Gleich im ersten Satz löst Beethoven aus dem an sich klar strukturierten Sonatenbeginn ein rauschhaft anschwellendes Solo heraus, das nach einem leidenschaftlich orchestralen Akkord in eine typische Kadenz übergeht, wie man sie mit all ihren Trillern und harmonischen Wendungen in einem Klavierkonzert vermuten würde. Das zweite Thema des Satzes wirkt dagegen als wäre es einem munteren Quartettsatz entsprungen. In der Durchführung breitet Beethoven erneut den Klangraum auf, so dass man tatsächlich meint die verschiedenen Farben eines Orchesters heraushören zu können: hier ein kammermusikalisch agierendes Bläserstück, dort ein klangvolles Tutti.
Das anschließende Adagio ist mit einer Schönheit versehen, die zuweilen einen kalten Schauer in sich trägt. Im Mittelteil des zweiten Satzes, der mit drehenden Bewegungen durchbrochener Klänge sich seinen Raum ergreift, wird die heimelige Ruhe immer wieder von dramatisch drängenden Akkorden unterspült. Dabei spielt sie sich in immer größere Extreme, indem sie nach und nach in nahezu sprechendem Gestus die ganze Klaviatur ausreizt.

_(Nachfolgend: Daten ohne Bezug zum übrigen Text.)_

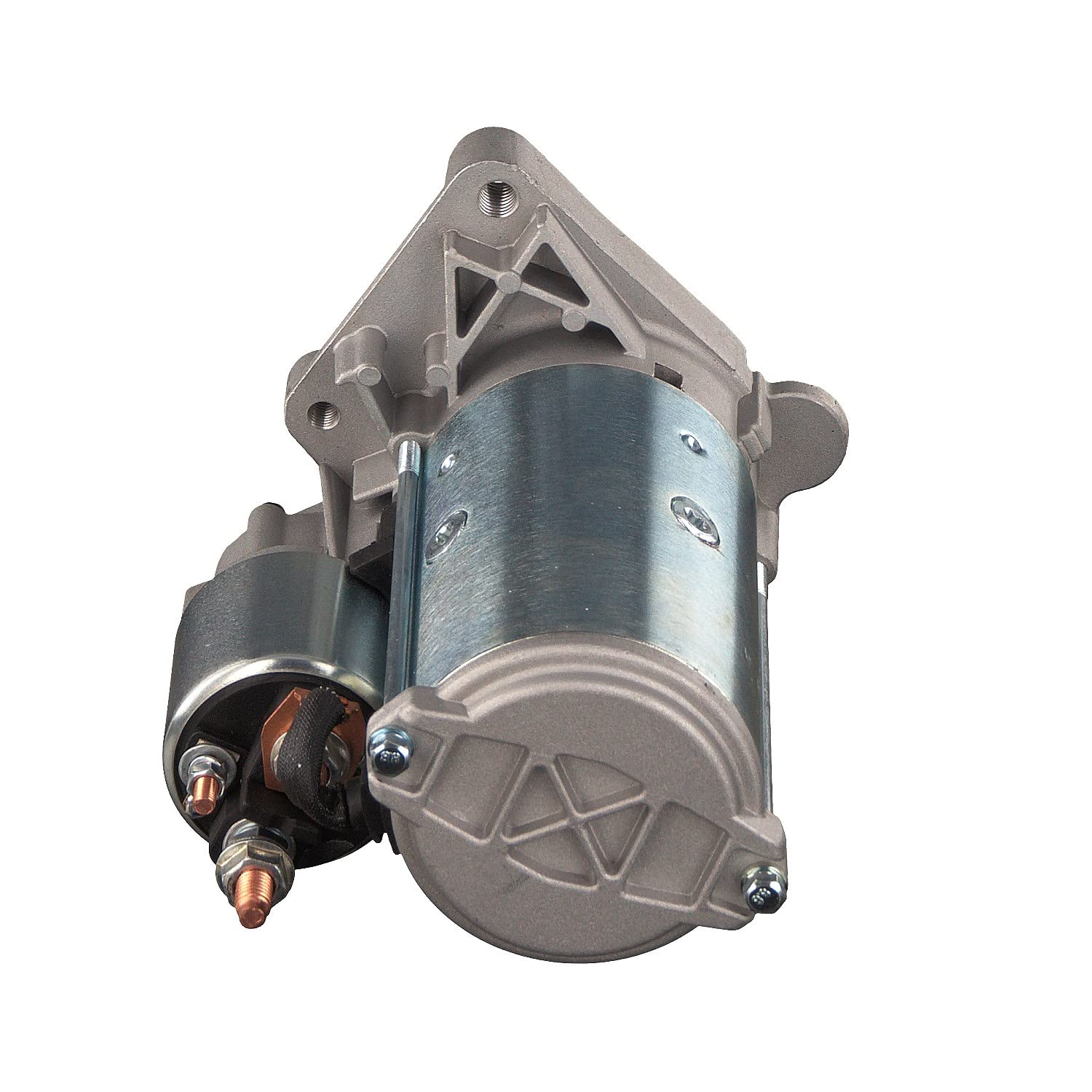 Bilstein Impianto elettrico 101625 motorino d’avviamento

Im Scherzo verabschiedet sich Beethoven formal endgültig von seinem Vorgänger, dem Menuett-Satz. Zwar hatte der Komponist bereits in der Vorgängersonate die neuen Satzbezeichnung benutzt, jedoch orientierte sich das Scherzo dort noch wesentlich enger an den Stilmerkmalen des einst höfischen Menuetts. Das Scherzo der 3. Klaviersonate hingegen ist spürbar für den Konzertsaal bestimmt und mit seinem rasanten Tempo kann man auch beim besten Willen nicht mehr dazu tanzen. Der erste Teil dieses Satzes wird von einem spielerisch neckischem Thema bestimmt, wogegen im Trio ein spürbar dunklerer Ton Einzug hält. Über den Bassoktaven türmen sich dramatische Akkordbrechungen im Triolenrhythmus auf, bis diese düstere Stimmung von der heiteren Reprise wieder aufgehellt wird.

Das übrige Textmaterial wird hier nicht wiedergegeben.